**** INPUT DATA ****
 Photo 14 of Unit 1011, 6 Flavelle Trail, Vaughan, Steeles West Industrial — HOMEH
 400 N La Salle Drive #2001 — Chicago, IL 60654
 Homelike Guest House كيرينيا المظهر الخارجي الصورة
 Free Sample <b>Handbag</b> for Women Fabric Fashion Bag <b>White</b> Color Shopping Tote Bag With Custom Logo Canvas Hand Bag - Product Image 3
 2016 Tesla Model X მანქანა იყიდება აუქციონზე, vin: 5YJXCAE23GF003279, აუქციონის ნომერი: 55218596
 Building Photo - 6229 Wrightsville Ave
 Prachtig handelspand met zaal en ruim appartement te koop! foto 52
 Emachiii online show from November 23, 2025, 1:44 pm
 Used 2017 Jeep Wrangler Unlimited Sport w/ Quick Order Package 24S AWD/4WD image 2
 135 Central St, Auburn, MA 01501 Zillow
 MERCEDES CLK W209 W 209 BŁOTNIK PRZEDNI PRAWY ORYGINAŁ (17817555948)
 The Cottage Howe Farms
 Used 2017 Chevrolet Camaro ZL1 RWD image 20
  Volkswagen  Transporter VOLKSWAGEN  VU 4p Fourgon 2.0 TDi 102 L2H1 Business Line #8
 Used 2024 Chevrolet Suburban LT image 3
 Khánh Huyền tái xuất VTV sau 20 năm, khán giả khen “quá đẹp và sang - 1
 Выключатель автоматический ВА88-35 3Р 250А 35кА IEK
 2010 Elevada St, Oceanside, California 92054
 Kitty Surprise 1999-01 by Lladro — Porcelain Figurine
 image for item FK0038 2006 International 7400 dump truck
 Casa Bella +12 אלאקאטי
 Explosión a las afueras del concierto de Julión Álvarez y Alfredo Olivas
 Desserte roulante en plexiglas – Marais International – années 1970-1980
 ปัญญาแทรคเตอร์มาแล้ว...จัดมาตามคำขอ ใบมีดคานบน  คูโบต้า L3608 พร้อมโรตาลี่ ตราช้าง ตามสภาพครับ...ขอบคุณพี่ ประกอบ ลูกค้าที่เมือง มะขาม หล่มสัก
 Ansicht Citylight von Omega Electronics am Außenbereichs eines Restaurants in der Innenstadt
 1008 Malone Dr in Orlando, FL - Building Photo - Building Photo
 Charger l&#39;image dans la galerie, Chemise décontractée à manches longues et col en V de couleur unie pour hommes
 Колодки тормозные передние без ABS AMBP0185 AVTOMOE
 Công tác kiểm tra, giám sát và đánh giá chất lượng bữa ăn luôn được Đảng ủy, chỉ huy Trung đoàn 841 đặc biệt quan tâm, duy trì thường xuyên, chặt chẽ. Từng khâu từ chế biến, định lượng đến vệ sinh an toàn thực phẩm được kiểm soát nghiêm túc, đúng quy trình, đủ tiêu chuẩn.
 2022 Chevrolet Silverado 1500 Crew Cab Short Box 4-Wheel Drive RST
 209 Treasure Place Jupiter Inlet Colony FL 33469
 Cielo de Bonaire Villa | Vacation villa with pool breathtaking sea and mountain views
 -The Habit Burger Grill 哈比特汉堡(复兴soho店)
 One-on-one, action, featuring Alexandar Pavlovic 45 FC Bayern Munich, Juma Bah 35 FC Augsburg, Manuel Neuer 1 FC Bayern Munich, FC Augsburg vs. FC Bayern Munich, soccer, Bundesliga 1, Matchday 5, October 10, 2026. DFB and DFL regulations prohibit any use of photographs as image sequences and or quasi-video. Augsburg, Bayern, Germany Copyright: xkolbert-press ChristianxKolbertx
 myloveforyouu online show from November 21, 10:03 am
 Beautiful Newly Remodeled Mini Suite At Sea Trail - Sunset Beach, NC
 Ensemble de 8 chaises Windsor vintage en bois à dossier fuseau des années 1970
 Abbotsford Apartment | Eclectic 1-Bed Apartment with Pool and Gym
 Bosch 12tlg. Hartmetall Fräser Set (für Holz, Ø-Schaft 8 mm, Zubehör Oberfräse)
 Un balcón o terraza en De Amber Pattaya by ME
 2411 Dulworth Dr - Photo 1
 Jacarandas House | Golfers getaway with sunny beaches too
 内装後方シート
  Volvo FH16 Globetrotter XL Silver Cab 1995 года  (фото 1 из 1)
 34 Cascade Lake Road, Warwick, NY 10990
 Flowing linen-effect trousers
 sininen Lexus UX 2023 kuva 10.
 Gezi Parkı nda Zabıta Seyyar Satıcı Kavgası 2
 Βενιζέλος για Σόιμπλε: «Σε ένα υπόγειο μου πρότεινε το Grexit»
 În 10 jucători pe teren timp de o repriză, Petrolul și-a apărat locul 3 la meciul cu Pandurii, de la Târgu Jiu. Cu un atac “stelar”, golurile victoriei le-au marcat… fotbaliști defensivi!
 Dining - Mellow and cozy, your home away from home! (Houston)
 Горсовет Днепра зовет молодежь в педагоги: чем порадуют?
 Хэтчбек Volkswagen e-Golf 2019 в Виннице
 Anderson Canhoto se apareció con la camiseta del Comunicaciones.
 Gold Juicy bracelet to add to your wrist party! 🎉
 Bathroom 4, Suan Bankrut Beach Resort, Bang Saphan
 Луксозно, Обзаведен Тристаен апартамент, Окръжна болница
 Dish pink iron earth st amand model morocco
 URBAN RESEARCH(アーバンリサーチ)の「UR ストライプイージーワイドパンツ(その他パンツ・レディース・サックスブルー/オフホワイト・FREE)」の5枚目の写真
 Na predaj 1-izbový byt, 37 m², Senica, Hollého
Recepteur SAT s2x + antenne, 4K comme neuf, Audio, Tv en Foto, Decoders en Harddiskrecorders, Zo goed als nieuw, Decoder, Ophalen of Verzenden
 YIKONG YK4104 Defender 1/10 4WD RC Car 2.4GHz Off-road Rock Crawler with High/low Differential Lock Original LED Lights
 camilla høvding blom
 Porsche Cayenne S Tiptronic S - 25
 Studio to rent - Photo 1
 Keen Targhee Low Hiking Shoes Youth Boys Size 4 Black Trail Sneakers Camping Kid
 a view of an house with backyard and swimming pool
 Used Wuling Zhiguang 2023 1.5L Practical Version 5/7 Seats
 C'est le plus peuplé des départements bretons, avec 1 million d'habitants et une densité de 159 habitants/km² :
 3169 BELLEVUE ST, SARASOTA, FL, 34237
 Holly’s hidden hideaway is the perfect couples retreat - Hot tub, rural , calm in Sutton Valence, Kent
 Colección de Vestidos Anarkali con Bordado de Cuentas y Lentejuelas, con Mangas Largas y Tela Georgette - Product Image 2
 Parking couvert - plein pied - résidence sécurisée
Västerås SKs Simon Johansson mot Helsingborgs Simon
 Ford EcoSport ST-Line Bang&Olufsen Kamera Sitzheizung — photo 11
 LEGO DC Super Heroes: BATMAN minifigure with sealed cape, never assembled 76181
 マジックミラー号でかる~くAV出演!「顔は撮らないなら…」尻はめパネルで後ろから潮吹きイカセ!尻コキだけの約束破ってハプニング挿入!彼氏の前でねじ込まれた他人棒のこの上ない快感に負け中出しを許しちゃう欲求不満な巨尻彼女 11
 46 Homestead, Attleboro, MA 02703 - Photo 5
****
• [GOAL OF THE EXERCISE]
Reproduce only the lines from the line containing "マジックミラー号でかる~くA" to the last line of the material above, both of those lines included.

• [PROBLEM SOLUTION]
 マジックミラー号でかる~くAV出演!「顔は撮らないなら…」尻はめパネルで後ろから潮吹きイカセ!尻コキだけの約束破ってハプニング挿入!彼氏の前でねじ込まれた他人棒のこの上ない快感に負け中出しを許しちゃう欲求不満な巨尻彼女 11
 46 Homestead, Attleboro, MA 02703 - Photo 5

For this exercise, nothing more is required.